Job Scheduling#

TACC Scheduling & Policy Considerations

TACC uses a fair-share priority system to schedule jobs across all its users. This system aims to maximize both fairness and overall system efficiency, ensuring that compute resources are available to as many researchers as possible.

How the fair-share scheduler works#

  • Recent usage matters: If you’ve recently run many large jobs, your future jobs might be temporarily assigned lower priority, giving other users an opportunity to access the system. Over time, your share resets, so this is dynamic and balances out.

  • Job size and duration influence scheduling:

    • Shorter jobs and jobs requesting fewer nodes or cores often start sooner, because they can easily fit into smaller available time slots on the cluster.

    • Large jobs might wait longer for enough resources to free up simultaneously.

  • Special queues: TACC systems offer special queues with different policies. For example:

    • development queues are intended for small, short test jobs and generally have very short maximum wall-times (often 30 minutes to a few hours).

    • gpu queues have policies specific to GPU resource allocation.

    • Other queues may exist for large-scale or priority projects.

Recommendations for designing your workloads#

  • Is it better to submit many small jobs or a few large jobs?

    It depends on your specific workload and goals:

    When to prefer many small jobs

    When to prefer fewer large jobs

    - Parameter sweeps / independent simulations

    - Large tightly coupled parallel jobs (MPI)

    - Monte Carlo or uncertainty quantification

    - When memory or compute needs exceed small job limits

    - Tasks that don’t need to talk to each other

  • Advantages of many small jobs:

    • Often start sooner, fit into open slots on the scheduler.

    • Lower risk of long queue times if cluster is busy.

    • Easier to rerun if one fails.

  • Advantages of fewer large jobs:

    • Necessary for problems that require all processors working together (large finite element models, CFD, etc.).

    • Potentially more efficient due to reduced I/O overhead between jobs.

Best practices before submitting your jobs#

Following these practices helps your jobs run faster, use fewer resources, and keep the system fair for everyone:

Test small first

Always test your scripts on small examples or in the development queue. This avoids wasting allocation time on avoidable errors and ensures your input files are valid before scaling up.

Right-size your requests

Request only the wall time and number of cores or nodes you truly need:

  • Overestimating makes your job wait longer in the queue.

  • Underestimating means your job might be killed before it finishes.

Use job arrays or automation for parameter studies

If you’re running many small, independent simulations (like a parameter sweep or Monte Carlo study), look into SLURM job arrays or Python/Tapis automation to handle them efficiently. This often gives you better throughput than one giant job.

Understand your queue’s policy

Each TACC queue has different limits:

  • Maximum wall times, node/core restrictions, and intended use (e.g. development is for short runs).

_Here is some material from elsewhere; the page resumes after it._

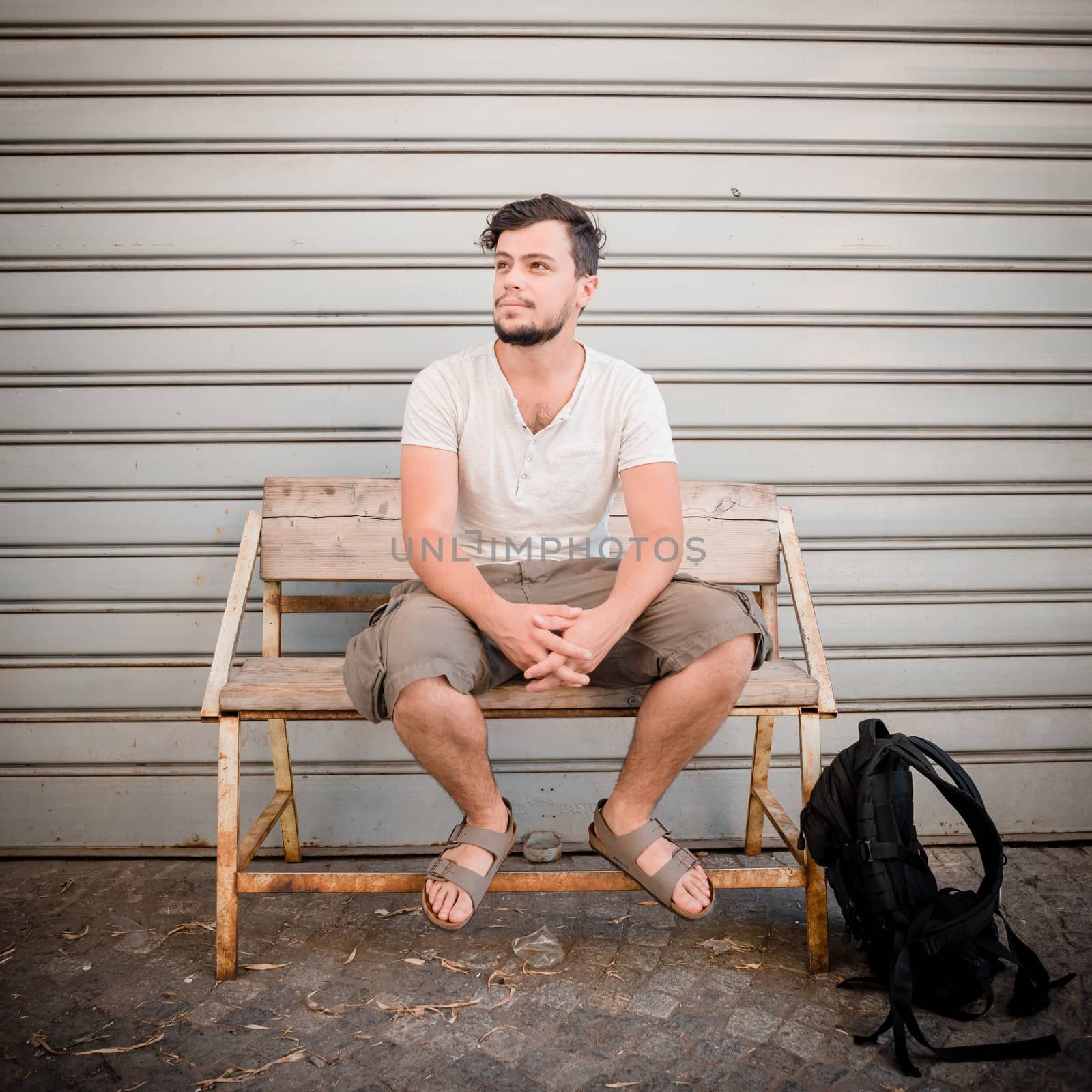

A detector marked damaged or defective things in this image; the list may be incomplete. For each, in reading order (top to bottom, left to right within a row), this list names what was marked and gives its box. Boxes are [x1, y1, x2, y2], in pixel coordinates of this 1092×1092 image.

  • For example, Stampede3’s normal queue allows up to 48 hours, while the development queue may cap you at 2 hours.

Plan for restarts or checkpoints

Especially for long jobs. This way, if something fails or the system goes down, you don’t lose all your progress.

Be a good cluster citizen
  • Clean up large scratch files when your job completes.

  • Monitor your fair-share usage so others get access too.

  • Avoid tying up resources longer than necessary.

Keep your fair-share impact in mind
  • Many smaller jobs often start sooner and can fill open gaps on the scheduler.

  • But for problems that require many processors working tightly together (like large MPI OpenSeesMP jobs), submitting fewer larger jobs is unavoidable and necessary.

Summary#

  • TACC’s fair-share system means your priority adjusts over time based on your usage and the needs of others.

  • Smaller, shorter jobs generally get scheduled faster because they help fill in gaps in cluster availability.

  • Always design your computational approach with flexibility in mind — break large studies into multiple jobs when possible, but use large jobs only when the problem’s architecture demands it.